======== Data supplied

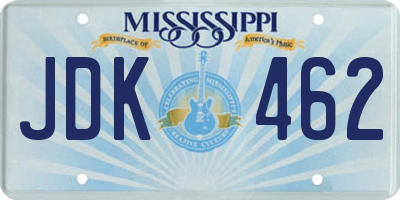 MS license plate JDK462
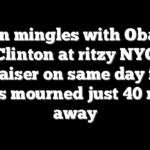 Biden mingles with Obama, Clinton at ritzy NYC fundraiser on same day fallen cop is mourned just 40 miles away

================
======== Data supplied

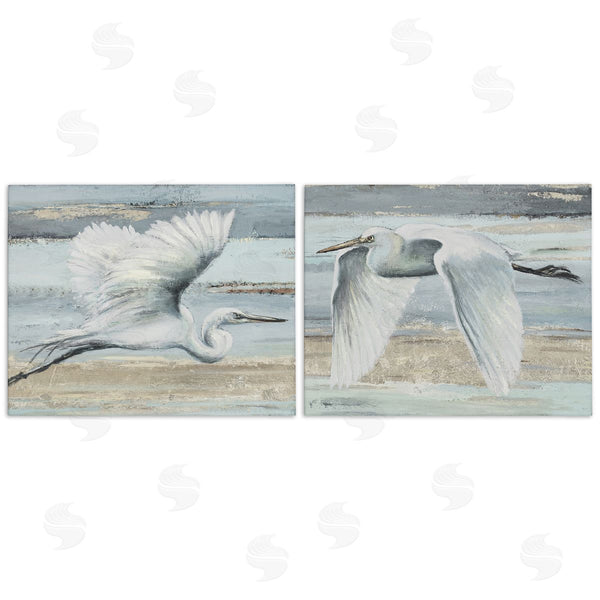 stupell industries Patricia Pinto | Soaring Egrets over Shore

================

• **Problem description**
To complete this exercise, transcribe exactly the lines above from the one that holds "MS license plate JDK462" through the one that holds "Biden mingles with". Pictures stay out.

• **Answer space**
 MS license plate JDK462
 Biden mingles with Obama, Clinton at ritzy NYC fundraiser on same day fallen cop is mourned just 40 miles away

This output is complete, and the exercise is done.